Repeat 2.1 and 2.2, this time selecting a suitable sigma:
intSigma = exp(-10:4);
intLambda = 0.00001;
nrip = 51;
Check the effects of overfitting and oversmoothing by selecting, instead, a small or a larger sigma (e.g., sigma=0.05 or sigma=10). How can you choose a reasonable interval intSigma to search for "good" sigmas?

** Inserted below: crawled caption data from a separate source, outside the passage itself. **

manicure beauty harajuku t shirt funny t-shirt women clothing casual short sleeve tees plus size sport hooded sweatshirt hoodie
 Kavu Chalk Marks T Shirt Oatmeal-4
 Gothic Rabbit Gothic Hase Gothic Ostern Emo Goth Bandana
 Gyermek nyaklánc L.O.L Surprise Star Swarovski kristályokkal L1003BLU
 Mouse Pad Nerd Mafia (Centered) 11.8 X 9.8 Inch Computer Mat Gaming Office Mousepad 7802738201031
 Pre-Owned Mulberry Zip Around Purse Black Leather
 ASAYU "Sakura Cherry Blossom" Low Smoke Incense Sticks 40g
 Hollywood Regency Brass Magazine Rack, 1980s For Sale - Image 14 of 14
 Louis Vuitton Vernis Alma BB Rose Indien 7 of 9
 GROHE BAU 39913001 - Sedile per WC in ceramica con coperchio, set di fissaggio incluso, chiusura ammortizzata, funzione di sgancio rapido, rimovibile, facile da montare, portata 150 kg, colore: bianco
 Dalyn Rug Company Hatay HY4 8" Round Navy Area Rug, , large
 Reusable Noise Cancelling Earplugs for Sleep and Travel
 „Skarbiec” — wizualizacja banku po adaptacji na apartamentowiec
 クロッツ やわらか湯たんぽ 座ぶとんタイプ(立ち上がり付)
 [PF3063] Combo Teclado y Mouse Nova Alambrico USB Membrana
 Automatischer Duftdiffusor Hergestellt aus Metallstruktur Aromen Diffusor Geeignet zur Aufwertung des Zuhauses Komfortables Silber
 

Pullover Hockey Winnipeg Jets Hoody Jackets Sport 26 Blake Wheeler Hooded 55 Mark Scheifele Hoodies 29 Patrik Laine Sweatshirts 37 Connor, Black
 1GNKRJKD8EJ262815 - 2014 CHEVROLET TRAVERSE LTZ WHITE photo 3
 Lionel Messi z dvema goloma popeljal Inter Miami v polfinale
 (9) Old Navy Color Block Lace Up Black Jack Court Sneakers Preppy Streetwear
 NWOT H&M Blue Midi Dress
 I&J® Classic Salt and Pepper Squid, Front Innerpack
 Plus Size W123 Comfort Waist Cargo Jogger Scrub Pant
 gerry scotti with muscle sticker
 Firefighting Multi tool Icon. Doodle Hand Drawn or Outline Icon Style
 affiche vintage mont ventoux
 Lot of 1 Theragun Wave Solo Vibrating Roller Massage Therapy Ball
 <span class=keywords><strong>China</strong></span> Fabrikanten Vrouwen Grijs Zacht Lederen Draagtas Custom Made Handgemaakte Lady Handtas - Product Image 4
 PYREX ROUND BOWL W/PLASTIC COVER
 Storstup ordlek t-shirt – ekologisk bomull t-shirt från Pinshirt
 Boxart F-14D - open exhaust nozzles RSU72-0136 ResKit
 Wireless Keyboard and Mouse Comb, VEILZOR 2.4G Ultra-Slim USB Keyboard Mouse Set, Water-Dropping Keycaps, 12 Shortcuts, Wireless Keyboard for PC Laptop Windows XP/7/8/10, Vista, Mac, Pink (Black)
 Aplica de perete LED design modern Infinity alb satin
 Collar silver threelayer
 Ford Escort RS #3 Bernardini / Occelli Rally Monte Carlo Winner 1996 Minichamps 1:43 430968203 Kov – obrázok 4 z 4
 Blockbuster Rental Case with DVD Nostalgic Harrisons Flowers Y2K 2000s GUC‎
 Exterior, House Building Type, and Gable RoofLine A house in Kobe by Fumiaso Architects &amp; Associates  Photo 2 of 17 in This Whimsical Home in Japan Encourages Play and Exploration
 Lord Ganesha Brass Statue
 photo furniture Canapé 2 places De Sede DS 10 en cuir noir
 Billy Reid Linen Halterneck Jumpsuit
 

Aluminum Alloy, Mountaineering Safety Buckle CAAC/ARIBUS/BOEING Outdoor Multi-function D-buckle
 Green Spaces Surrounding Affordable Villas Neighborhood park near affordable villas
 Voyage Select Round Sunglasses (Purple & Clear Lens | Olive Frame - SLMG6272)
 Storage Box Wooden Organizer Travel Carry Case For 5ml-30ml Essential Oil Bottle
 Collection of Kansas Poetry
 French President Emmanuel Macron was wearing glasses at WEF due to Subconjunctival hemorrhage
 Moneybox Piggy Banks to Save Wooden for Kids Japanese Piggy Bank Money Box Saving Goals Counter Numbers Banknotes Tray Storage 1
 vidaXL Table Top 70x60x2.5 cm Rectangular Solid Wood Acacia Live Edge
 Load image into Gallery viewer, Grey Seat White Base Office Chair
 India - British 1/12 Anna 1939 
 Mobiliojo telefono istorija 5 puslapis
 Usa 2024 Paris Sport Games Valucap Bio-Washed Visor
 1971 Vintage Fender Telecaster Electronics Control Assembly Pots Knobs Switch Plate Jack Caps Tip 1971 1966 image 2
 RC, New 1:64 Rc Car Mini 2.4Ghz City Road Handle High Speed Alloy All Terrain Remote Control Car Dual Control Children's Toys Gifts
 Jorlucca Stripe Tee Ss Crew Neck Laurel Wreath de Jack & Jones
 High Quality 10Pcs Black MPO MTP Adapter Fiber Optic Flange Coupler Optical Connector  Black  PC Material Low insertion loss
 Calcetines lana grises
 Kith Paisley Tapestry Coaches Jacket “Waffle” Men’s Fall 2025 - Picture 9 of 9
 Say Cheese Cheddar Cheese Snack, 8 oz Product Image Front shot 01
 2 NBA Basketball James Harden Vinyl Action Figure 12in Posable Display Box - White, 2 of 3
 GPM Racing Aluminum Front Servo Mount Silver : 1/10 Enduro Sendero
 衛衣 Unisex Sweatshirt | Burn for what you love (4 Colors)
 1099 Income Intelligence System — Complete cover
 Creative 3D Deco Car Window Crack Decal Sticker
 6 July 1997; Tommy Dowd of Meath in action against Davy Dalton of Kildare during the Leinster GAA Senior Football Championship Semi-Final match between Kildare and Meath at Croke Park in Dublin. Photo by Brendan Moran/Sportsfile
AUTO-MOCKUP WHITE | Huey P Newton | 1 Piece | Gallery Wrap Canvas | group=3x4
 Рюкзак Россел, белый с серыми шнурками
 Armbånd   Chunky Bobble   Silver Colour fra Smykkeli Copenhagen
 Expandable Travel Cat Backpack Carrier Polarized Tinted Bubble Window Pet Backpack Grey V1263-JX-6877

Select the best lambda and sigma simultaneously and plot the separating function for the KRLS solution obtained using those values (use separatingFKernRLS). Use the above grids for the sigma and lambda ranges and a smaller number of repetitions (e.g nrip = 11). Note: Train and validation errors are now surfaces over the lambda and sigma grids. For plotting them you can use MATLAB functions surf or mesh. Compare the differences in values (and curves) for noise with p equal to {0.05, 0.1}.

3. (Optional)

Repeat Part 1 with the polynomial kernel (kernel = 'polynomial') and with parameters lambda in the interval [10, 0] and deg, the exponent of the polynomial kernel, in {10,9,...,1}.
Repeat Part 2.4 using a polynomial kernel and a suitable range of parameters (exponent of the polynomial and regularization). Compare the classification error with Part 2.3 and think about the role of the optimal exponent for the polynomial kernel.
Analyze the eigenvalues of the Gram matrix for the polynomial kernel (e.g. use the eig function) for different values of deg (plot them by using semilogy). What happens as deg increases (e.g. deg = 1,2,...,10)? Why?
Repeat Part 2, with less training points (e.g. 70, 50, 30, 20) chosen randomly and 5% of flipped labels. How do the parameters vary with respect to the number of points?